Open-shop “contractors anticipate skilled craft hourly wage increases of 4.52% in 2022 (4.39% excluding zeros),” construction compensation firm PAS, Inc. reported today. “Actual increases for 2021 were 4.42% (including zeros) and 4.65% (excluding zeros). These increases are across the board for all craft, contractor types, sizes, and regions of the country. WorldatWork reports 2022 actual construction increases at 4.1%. Historically, survey participants projected numbers are slightly lower than the actual year-end figure…. The 2021 projected (3.21%) and actuals (4.65%) were way off, ending up 1.44% higher for all crafts combined.”

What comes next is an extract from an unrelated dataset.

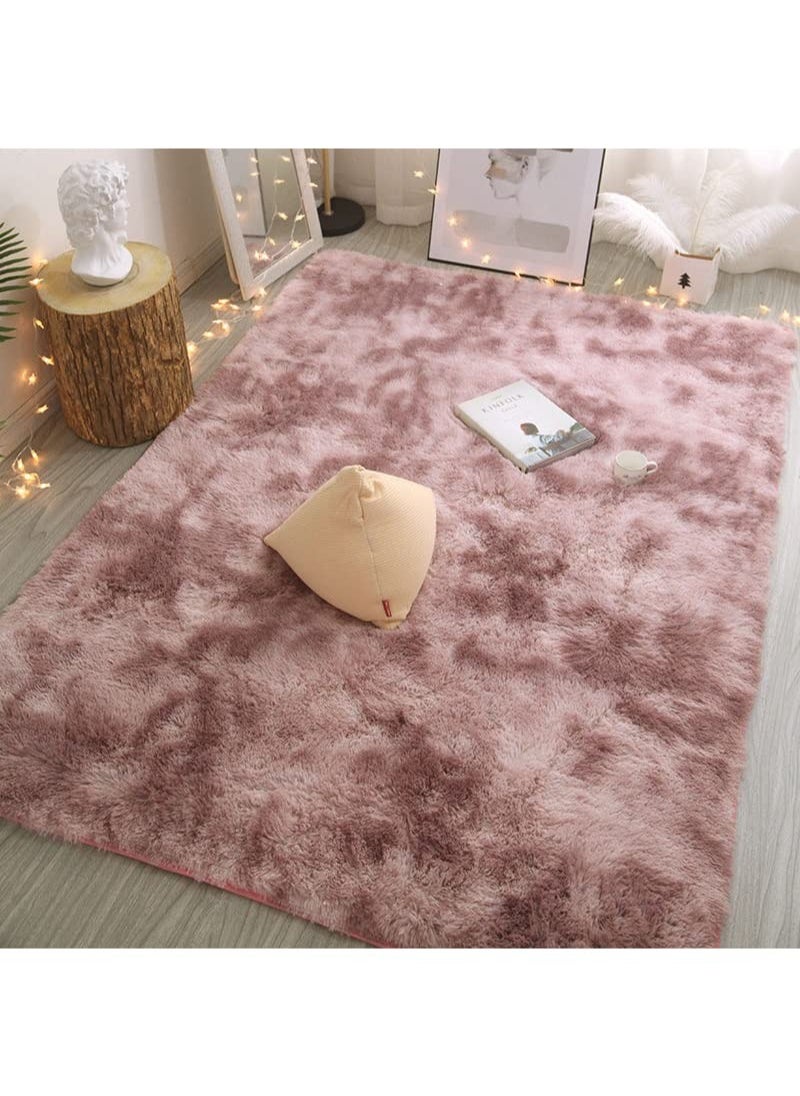 Soft Rugs Fluffy Carpets Tie-Dye Rugs for Living Room Bedroom Nursery Home Decor Non-Slip Machine Washable Carpet Home Decorative Carpet 100x160 cm Pink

The “first year of new settlements reached from January through September of 2022 (2022-Q3) for union craft workers in the construction industry had an average increase of 3.8%,” the Construction Labor Research Council (CLRC) reported on Wednesday. “All data in this report are based on the total package (wages, fringe benefits and other employer payments)….settlements grew by 1.0 percent[age point] from 2020 to 2022-Q3, a steep rate of growth. In comparison, the last time first-year settlements increased by 1.0 percent[age point] it took seven years, from 2012 to 2019. High inflation has impacted union craft pay rates more than two other recent factors—the craft labor shortage and COVID-19. CLRC projects future new settlements to average approximately 4.2% by 2024.” Among the nine Census Bureau regions, increases ranged from 3.1% in the West North Central region to 5.2% in the Northwest. Among 16 crafts, increases ranged from 3.2% for sheet metal workers to 4.8% for teamsters. “The average total package increase in 2022-Q3 for all contract years for union crafts in construction was 3.1%. CLRC projects increases to reach approximately 3.7% by 2024. These results are lower than…first-year only settlements since they reflect many more settlements and include data from 2021, 2020 and even earlier (prior to the recent uptick in increases).